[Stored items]
+++

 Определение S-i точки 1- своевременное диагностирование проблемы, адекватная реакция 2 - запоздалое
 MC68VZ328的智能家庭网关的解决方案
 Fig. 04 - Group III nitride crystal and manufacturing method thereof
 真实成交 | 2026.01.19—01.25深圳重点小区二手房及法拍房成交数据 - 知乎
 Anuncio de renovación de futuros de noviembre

+++

After reading the lines above, reproduce them all exactly.

[WRITTEN RESPONSE]:
 Определение S-i точки 1- своевременное диагностирование проблемы, адекватная реакция 2 - запоздалое
 MC68VZ328的智能家庭网关的解决方案
 Fig. 04 - Group III nitride crystal and manufacturing method thereof
 真实成交 | 2026.01.19—01.25深圳重点小区二手房及法拍房成交数据 - 知乎
 Anuncio de renovación de futuros de noviembre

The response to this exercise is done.